Le 8 juin 2018, nous avons appris la découverte d’un cadavre enterré dans le fond du jardin d’une résidence à Limoges. Il était évident que tout le monde parlerait de ce triste événement.
Le matin même, j’ai croisé le procureur de la République au palais de justice. Il m’a fait comprendre que la veille, il avait fini extrêmement tard, sans m’en dire plus. Il a fallu attendre le milieu de matinée pour qu’une fuite sur un journal national nous apprenne la nouvelle.
J’ai réussi à me procurer l’adresse de la résidence, et nous avons réalisé une enquête de voisinage. Parallèlement, notre équipe web s’est rendue compte que des appels avaient été lancés sur les réseaux sociaux suite à une disparition suspecte. Après quelques coups de fil, nous avons établi un lien de cause à effet.
Munis de tous ces éléments, j’ai appelé le procureur de la République qui n’a fait que confirmer les informations que j’avais pu recueillir, refusant de m’en dire plus.
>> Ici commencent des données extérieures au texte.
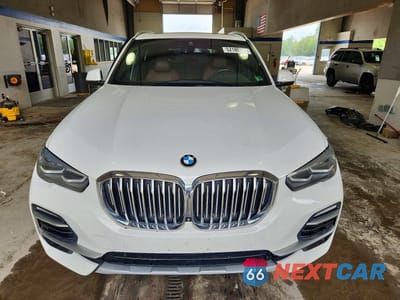 Piąte zdjęcie samochodu w środku: 2021 BMW X5 XDRIVE40I VIN:5UXCR6C02M9H00297 - miniatura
Il était évident qu’il ne voulait pas compromettre son enquête et chacun pourra le comprendre. Sur un faits divers, mon souci principal est d’informer sans handicaper le travail de la police.
Nous avons évoqué ce faits divers dans le journal de midi. Après cela, nous avons été contactés par la maman de la victime qui s’est émue que nous ayons évoqué l’affaire si tôt, avant que toute la famille soit informée. J’ai pu parler longuement avec cette dame, qui était anéantie par la disparition de sa fille.
La question est la suivante : doit-on attendre d’être sûrs que toute la famille a été informée avant de parler d’une telle affaire ? Déontologiquement, j’aurais tendance à répondre oui.
Mais dans la réalité, tout ne se passe pas aussi simplement. Sur une affaire de ce type, la police reste très discrète y compris avec la famille pour permettre à l’enquête d’aboutir plus vite.
Il nous est très compliqué de joindre les proches quand ils ne prennent pas l’initiative de nous appeler. Et puis est-ce aux journalistes d’appeler la famille sans être sûrs qu’elle a déjà tous les éléments ?
Le public a t-il le droit d’être informé autrement que par les réseaux sociaux ? La veille, la maman de la victime avait laissé un post public laissant penser à une issue tragique.
On touche à une matière éminemment humaine et je n’ai pas la réponse à toutes ces questions. A chaque fois, on fait en fonction de la situation.
Une chose est sûre, je ne donne que des informations confirmées et qui ne peuvent pas nuire à l’enquête. Je pense aussi que le procureur de la République aurait dû faire une conférence de presse pour mieux cadrer la communication autour de cette affaire.